Early on in the relationship, I was very keen to make things work and did my best to prevent it from falling into any abyss. I played the “Gandhi strategy”, where irrespective of her play, I simply co-operated. The idea there was that whenever she defected, she would feel sympathy for my co-operative position and switch back to co-operate.
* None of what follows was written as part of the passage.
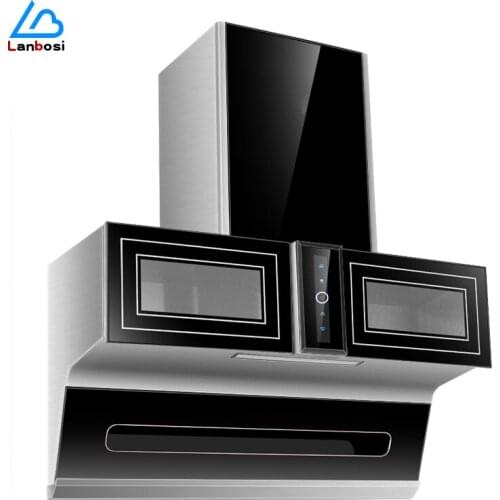 Large Suction Range Hood For Home Kitchen Side Suction Automatic Cleaning Range Hood T-Shaped Range Hood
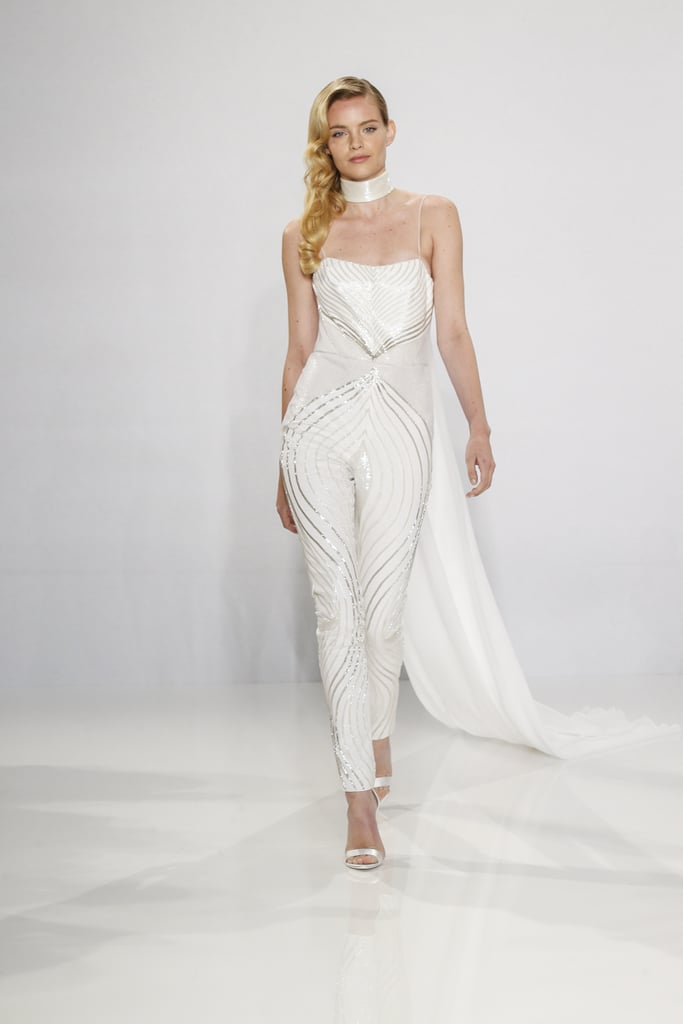 Sequin jumpsuit with neck-piece.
So something snapped sometime around this time last year, which led me to change my strategy. I wasn’t going to be Gandhi anymore. I wasn’t going to unconditionally defect, either. I switched to playing tit-for-tat. You can see from the above table that when both players are playing tit-for-tat, you can get into a long (and extremely suboptimal) sequence of defect-defects. And that is what happened to us. We started getting into long sequences of suboptimality, when we would fight way more than what is required to sustain a relationship. Thankfully it never got so bad as to ruin the relationship.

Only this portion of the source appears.